Repeat exactly, and only, the lines below starting at the line that contains "リビングでくつろぐミドル女性 リビングでくつろぐミドル女性 114341732" and ending at the line that contains "Ostuni Pearl White", inclusive of both.

### Information supplied
__________________________________________________

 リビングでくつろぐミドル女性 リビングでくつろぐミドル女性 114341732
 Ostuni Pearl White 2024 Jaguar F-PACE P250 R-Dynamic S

__________________________________________________

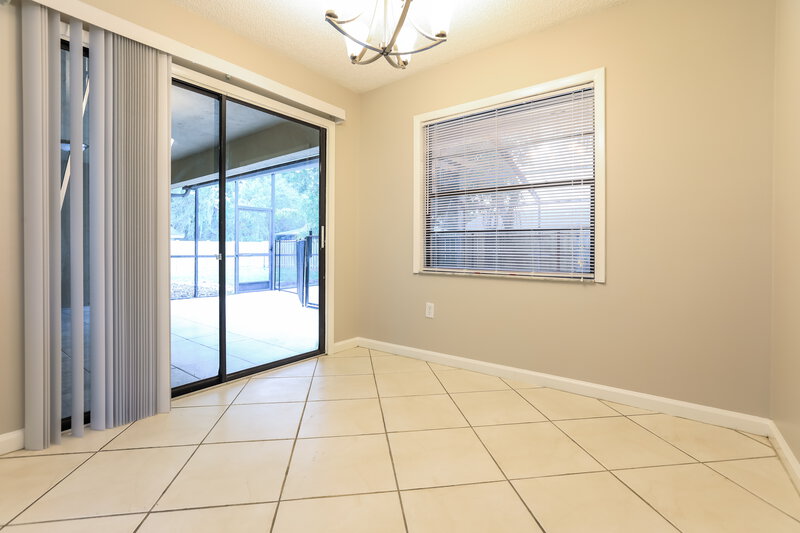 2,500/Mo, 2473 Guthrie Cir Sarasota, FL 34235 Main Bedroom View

__________________________________________________

### Solution
 リビングでくつろぐミドル女性 リビングでくつろぐミドル女性 114341732
 Ostuni Pearl White 2024 Jaguar F-PACE P250 R-Dynamic S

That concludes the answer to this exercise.